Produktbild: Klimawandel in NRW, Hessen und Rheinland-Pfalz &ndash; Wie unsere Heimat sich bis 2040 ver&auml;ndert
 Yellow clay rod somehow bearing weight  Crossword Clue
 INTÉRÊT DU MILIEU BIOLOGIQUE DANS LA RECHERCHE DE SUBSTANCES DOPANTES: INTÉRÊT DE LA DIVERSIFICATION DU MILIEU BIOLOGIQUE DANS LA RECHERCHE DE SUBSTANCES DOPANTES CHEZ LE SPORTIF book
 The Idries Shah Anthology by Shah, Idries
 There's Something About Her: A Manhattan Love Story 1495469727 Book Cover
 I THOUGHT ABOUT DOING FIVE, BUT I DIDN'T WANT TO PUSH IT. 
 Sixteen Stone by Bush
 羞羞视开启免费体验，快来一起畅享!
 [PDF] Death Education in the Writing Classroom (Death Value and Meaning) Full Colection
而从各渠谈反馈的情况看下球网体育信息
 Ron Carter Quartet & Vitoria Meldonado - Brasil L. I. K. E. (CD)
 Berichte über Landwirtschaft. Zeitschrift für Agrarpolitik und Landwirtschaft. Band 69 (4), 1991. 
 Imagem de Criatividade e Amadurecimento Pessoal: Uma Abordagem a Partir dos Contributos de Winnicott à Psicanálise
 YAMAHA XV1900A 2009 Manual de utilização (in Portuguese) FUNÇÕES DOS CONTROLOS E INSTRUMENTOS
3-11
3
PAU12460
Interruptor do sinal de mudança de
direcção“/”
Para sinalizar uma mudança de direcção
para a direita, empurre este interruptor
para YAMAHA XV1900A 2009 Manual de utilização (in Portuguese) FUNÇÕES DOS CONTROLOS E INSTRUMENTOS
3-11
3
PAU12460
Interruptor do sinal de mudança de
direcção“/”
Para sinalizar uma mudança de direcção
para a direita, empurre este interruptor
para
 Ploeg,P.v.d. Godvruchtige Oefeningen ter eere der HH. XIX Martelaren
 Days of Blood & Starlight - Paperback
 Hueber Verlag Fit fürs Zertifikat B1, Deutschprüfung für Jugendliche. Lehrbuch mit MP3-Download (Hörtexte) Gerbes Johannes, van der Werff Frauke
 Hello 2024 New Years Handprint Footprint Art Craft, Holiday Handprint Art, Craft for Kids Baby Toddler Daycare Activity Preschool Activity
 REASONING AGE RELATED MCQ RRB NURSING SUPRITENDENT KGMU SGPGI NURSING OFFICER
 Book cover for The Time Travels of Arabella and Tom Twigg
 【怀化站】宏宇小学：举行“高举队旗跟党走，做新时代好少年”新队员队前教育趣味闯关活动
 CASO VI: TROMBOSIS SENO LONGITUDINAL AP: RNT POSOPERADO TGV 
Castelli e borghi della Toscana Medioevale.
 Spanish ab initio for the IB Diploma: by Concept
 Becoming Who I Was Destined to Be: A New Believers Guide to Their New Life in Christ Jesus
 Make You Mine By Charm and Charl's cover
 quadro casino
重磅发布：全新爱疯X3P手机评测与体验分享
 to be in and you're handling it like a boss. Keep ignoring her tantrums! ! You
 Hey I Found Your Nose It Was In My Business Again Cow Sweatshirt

================================

Aim of the exercise » Take every line in the preceding listing that contains "Manual" and copy it.

Response to the exercise »
 YAMAHA XV1900A 2009 Manual de utilização (in Portuguese) FUNÇÕES DOS CONTROLOS E INSTRUMENTOS
para YAMAHA XV1900A 2009 Manual de utilização (in Portuguese) FUNÇÕES DOS CONTROLOS E INSTRUMENTOS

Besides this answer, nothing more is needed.